Concerning the expected time of operation in each state it is shown in Table 11. The main finding is that in annual basis, the system operates in more than 185 MW for 8,740 h, 48 min and 36 s out of 8,760 h totally. The output from 130 MW to 184 MW is 19 h, 9 min and 4 s. The operation between 110 and 130 MW is 2 min and 16 s. Finally, the operation in level lower than 110 MW is only 4 s in annual basis. All the above findings show that the suggested modification upgrades the system and its reliability and could be a starting point for further improvement.
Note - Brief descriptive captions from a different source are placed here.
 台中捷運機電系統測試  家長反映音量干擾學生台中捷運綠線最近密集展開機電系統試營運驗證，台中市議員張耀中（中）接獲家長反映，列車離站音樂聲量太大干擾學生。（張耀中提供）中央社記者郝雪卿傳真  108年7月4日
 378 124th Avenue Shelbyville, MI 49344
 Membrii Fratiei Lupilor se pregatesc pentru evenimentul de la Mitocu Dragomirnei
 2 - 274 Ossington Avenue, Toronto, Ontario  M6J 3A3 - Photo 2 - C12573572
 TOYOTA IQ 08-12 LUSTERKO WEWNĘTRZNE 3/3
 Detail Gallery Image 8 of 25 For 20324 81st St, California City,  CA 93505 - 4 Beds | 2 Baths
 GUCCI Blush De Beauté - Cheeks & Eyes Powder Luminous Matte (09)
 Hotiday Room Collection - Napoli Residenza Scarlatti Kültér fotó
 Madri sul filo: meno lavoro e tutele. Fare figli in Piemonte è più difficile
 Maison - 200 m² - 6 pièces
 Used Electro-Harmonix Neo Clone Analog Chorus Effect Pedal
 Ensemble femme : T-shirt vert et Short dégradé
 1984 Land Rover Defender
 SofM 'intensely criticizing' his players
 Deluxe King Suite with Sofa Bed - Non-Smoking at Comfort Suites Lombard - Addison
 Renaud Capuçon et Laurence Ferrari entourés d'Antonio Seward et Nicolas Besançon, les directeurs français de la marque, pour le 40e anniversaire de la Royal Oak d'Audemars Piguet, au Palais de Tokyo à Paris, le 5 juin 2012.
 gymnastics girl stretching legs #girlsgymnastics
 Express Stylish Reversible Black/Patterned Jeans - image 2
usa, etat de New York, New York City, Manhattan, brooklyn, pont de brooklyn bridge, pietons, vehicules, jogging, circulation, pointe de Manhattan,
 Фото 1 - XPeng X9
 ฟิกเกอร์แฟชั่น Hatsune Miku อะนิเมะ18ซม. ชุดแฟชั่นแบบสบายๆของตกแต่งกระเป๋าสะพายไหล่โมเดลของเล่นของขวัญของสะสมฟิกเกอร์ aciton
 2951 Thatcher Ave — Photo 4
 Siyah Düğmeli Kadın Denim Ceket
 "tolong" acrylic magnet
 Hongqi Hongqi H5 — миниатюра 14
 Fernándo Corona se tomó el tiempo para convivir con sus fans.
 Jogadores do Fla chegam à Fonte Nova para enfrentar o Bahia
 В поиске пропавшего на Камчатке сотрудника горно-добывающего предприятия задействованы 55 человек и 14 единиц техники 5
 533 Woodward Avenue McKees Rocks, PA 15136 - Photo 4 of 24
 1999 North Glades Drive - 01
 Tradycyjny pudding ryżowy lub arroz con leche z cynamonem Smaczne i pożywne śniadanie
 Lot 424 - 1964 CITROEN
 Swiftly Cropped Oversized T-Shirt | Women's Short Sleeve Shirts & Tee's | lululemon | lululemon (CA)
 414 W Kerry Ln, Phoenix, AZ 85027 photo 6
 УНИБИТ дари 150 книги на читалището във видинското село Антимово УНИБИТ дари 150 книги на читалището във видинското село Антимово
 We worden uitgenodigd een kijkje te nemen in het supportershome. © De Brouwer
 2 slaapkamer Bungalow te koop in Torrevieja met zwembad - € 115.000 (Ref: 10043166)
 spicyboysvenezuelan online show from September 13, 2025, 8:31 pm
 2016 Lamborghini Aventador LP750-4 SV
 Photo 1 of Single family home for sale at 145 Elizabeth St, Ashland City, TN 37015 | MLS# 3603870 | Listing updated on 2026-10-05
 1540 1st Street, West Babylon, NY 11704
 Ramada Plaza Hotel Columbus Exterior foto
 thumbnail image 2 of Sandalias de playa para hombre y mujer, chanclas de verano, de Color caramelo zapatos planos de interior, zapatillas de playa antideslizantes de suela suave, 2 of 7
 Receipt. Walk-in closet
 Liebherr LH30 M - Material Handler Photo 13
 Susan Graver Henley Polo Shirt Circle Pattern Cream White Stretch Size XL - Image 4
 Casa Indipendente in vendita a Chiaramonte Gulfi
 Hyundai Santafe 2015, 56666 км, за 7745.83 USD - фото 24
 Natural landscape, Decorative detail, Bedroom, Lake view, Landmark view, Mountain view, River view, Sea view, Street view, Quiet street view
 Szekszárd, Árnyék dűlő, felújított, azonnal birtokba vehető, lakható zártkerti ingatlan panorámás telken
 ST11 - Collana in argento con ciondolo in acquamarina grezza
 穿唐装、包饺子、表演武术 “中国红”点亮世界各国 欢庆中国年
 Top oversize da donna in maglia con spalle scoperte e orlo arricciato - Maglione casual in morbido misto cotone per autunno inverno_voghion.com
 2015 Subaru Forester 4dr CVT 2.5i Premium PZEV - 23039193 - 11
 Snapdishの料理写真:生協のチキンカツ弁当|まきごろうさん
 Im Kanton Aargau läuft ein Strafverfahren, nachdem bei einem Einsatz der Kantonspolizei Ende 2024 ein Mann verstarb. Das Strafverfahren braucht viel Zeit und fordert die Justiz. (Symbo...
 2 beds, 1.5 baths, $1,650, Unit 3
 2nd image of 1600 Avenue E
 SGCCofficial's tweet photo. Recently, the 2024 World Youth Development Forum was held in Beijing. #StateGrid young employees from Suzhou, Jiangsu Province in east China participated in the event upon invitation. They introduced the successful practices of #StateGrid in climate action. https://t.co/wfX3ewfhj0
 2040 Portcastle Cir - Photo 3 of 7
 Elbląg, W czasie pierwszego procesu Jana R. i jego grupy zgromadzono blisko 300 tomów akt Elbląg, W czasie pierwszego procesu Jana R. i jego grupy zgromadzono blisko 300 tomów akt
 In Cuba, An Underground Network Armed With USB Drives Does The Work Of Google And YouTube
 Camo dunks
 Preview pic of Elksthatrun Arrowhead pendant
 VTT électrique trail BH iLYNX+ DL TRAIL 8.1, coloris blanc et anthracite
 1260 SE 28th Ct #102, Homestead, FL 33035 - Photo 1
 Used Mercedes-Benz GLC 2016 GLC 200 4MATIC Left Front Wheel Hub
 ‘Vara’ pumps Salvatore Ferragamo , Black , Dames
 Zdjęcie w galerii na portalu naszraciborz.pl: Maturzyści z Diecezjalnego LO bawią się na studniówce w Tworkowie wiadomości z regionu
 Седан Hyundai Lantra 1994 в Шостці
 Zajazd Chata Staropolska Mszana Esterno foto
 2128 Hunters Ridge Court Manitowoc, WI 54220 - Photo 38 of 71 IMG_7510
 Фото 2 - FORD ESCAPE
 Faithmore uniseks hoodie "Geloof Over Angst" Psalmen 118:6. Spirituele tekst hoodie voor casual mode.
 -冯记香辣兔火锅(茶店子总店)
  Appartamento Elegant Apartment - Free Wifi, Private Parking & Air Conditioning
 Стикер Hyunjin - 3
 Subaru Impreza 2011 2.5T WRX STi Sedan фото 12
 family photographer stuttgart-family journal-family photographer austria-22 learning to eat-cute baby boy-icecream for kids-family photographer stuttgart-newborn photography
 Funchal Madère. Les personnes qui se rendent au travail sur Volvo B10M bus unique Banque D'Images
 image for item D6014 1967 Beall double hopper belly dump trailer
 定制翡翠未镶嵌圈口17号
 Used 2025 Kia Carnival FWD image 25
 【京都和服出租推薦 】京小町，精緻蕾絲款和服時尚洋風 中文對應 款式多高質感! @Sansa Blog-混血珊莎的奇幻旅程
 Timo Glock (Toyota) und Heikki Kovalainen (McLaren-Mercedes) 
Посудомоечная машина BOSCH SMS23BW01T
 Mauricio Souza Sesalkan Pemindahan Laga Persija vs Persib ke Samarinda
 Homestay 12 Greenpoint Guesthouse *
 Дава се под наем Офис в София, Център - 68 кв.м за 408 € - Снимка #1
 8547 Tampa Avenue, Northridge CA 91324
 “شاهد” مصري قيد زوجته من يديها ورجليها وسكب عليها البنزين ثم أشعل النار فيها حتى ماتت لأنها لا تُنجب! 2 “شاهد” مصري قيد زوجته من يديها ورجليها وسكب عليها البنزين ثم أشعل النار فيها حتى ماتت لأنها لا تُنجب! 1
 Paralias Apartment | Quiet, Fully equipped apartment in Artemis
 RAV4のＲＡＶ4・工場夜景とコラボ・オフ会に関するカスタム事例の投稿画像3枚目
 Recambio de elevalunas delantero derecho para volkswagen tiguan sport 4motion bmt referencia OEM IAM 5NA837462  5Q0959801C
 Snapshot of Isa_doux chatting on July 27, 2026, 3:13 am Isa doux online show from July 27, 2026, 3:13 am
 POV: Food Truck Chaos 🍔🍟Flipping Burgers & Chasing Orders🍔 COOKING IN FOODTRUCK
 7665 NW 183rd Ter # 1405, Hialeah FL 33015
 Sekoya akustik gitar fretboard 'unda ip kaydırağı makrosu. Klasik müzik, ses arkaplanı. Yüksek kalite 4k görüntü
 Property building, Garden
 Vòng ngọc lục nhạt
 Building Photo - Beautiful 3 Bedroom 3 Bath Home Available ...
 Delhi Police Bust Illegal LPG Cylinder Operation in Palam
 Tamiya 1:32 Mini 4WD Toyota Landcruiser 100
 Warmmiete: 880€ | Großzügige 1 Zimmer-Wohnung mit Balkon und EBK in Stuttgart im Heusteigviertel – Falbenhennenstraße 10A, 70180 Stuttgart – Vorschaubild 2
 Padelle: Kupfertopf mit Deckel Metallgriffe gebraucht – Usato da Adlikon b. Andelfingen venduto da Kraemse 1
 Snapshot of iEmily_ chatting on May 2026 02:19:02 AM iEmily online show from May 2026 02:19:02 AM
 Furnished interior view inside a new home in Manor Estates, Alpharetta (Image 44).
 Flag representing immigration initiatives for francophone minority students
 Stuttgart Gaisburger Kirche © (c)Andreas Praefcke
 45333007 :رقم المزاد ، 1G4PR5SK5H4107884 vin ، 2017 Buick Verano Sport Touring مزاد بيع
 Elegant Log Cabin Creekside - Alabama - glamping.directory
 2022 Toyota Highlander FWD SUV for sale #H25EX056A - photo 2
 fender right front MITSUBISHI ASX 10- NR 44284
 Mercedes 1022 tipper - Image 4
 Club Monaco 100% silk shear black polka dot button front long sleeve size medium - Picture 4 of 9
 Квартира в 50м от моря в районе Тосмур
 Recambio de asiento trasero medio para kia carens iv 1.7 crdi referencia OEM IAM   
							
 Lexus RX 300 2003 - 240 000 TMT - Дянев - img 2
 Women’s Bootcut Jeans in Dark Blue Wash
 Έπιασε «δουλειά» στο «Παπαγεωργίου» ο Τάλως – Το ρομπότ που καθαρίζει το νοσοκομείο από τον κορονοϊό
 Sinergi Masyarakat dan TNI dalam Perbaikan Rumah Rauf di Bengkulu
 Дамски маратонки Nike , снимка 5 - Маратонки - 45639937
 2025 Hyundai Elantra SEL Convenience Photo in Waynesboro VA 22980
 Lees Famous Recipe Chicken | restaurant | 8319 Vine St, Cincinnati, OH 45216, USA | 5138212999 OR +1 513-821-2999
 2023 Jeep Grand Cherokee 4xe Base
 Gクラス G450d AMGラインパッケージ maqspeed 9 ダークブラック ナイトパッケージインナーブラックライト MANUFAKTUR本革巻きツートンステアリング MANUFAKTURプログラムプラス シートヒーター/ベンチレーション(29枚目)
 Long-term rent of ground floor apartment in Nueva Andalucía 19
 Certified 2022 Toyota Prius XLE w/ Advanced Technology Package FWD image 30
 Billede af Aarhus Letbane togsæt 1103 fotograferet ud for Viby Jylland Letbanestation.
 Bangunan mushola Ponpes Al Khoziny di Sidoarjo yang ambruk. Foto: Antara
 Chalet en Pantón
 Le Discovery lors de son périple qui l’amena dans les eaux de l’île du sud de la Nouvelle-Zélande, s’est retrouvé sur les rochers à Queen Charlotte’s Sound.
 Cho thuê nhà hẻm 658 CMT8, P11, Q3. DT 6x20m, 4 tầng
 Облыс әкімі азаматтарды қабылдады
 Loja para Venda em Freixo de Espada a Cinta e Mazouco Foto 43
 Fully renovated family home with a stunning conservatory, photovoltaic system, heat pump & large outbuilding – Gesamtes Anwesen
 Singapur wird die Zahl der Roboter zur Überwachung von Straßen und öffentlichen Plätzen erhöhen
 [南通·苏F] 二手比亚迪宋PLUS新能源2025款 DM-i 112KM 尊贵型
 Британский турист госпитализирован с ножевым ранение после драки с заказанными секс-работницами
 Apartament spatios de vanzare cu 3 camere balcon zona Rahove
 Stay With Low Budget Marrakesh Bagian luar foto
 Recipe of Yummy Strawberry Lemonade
Table 11 Reliability based on hrs of operation
Full size table

4 Conclusions

In this study, we have evaluated the performance of a modified IEEE 6BUS RBTS and have shown that the recommended modification contributes to the improvement of the system performance by increasing the probability of operation within the required limits. The modification of the system aims to the reduction of failure rates maintaining the power output specifications. This objective is achieved through the restructuring of the group of generators whereas all generators are supposed to be in parallel operation. This technique led to approach the problem through the multi state systems theory. As described in previous paragraphs, the increase of the parts of the system resulted to a dramatic increase of the states of the system and consequently increased the complexity of the calculations. This problem showed in practice that probable restrictions of the computing power are possible to be overcome through programming algorithms and/or advanced software. In the case of even more complex systems, a breakdown of the system in smaller parts is a suggested complementary alternative. As multi state systems theory suggests, this model presents more flexibility than that of the original IEEE 6BUS RBTS. More specifically, there are more levels of power output and their respective probabilities. This characteristic contributes to the lowering of the uncertainty of the system, assisting decisively in the decision-making and the management of the system. Comparing the models, there is a significant improvement after the suggested modification. The reduction of the probability of “non-acceptable” output level and the increased probability of operation over the minimum required level contributes to the effective management of the system. The managerial aspect of the system’s modification is that it contributes to the simplicity of the system. Since there are fewer types of generators, it simplifies the management of the system concerning the schedule of supplies and its maintenance as well. All these findings could be a starting point for further study and expansion of the methodology in other research topics. In addition, using advanced programming algorithms, the researchers could apply analytical methods in an effort to overcome the existing barriers of the computing power. This strategy can be combined with other methods such as Monte Carlo Simulation, in order to verify the effectiveness of each other method and to reduce the uncertainty of the models.